When gimplifying from C or C++, this initialization replaces the
@code{DECL_STMT}.

Variable-length arrays (VLAs) complicate this process, as their
size often refers to variables initialized earlier in the block.
To handle this, we currently split the block at that point, and
move the VLA into a new, inner @code{BIND_EXPR}.  This strategy
may change in the future.

A C++ program will usually contain more @code{BIND_EXPR}s than
there are syntactic blocks in the source code, since several C++
constructs have implicit scopes associated with them.  On the
other hand, although the C++ front end uses pseudo-scopes to
handle cleanups for objects with destructors, these don't
translate into the GIMPLE form; multiple declarations at the same
level use the same @code{BIND_EXPR}.

@node Statement Sequences
@subsection Statement Sequences
@cindex Statement Sequences

Multiple statements at the same nesting level are collected into
a @code{STATEMENT_LIST}.  Statement lists are modified and
traversed using the interface in @samp{tree-iterator.h}.

@node Empty Statements
@subsection Empty Statements
@cindex Empty Statements

Whenever possible, statements with no effect are discarded.  But
if they are nested within another construct which cannot be
discarded for some reason, they are instead replaced with an
empty statement, generated by @code{build_empty_stmt}.
Initially, all empty statements were shared, after the pattern of
the Java front end, but this caused a lot of trouble in practice.

An empty statement is represented as @code{(void)0}.

@node Jumps
@subsection Jumps
@cindex Jumps

Other jumps are expressed by either @code{GOTO_EXPR} or
@code{RETURN_EXPR}.

The operand of a @code{GOTO_EXPR} must be either a label or a
variable containing the address to jump to.

The operand of a @code{RETURN_EXPR} is either @code{NULL_TREE},
@code{RESULT_DECL}, or a @code{MODIFY_EXPR} which sets the return
value.  It would be nice to move the @code{MODIFY_EXPR} into a
separate statement, but the special return semantics in
@code{expand_return} make that difficult.  It may still happen in
the future, perhaps by moving most of that logic into
@code{expand_assignment}.

@node Cleanups
@subsection Cleanups
@cindex Cleanups

Destructors for local C++ objects and similar dynamic cleanups are
represented in GIMPLE by a @code{TRY_FINALLY_EXPR}.
@code{TRY_FINALLY_EXPR} has two operands, both of which are a sequence
of statements to execute.  The first sequence is executed.  When it
completes the second sequence is executed.

The first sequence may complete in the following ways:

@enumerate

@item Execute the last statement in the sequence and fall off the
end.

@item Execute a goto statement (@code{GOTO_EXPR}) to an ordinary
label outside the sequence.

@item Execute a return statement (@code{RETURN_EXPR}).

@item Throw an exception.  This is currently not explicitly represented in
GIMPLE.

@end enumerate

The second sequence is not executed if the first sequence completes by
calling @code{setjmp} or @code{exit} or any other function that does
not return.  The second sequence is also not executed if the first
sequence completes via a non-local goto or a computed goto (in general
the compiler does not know whether such a goto statement exits the
first sequence or not, so we assume that it doesn't).

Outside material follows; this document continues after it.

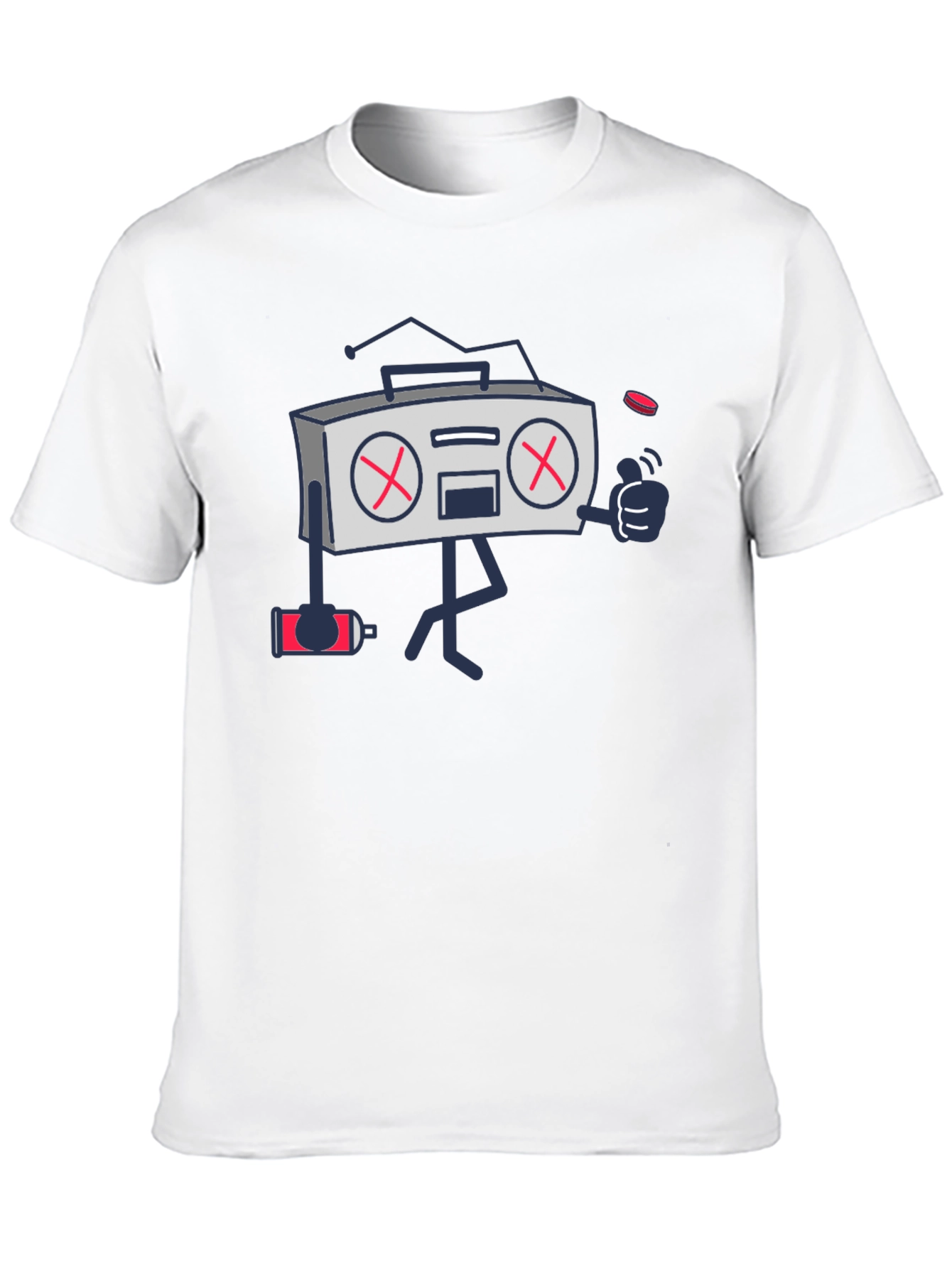Radio Cartoon Black Graphic T-Shirt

After the second sequence is executed, if it completes normally by
falling off the end, execution continues wherever the first sequence
would have continued, by falling off the end, or doing a goto, etc.

@code{TRY_FINALLY_EXPR} complicates the flow graph, since the cleanup
needs to appear on every edge out of the controlled block; this
reduces the freedom to move code across these edges.  Therefore, the
EH lowering pass which runs before most of the optimization passes
eliminates these expressions by explicitly adding the cleanup to each
edge.  Rethrowing the exception is represented using @code{RESX_EXPR}.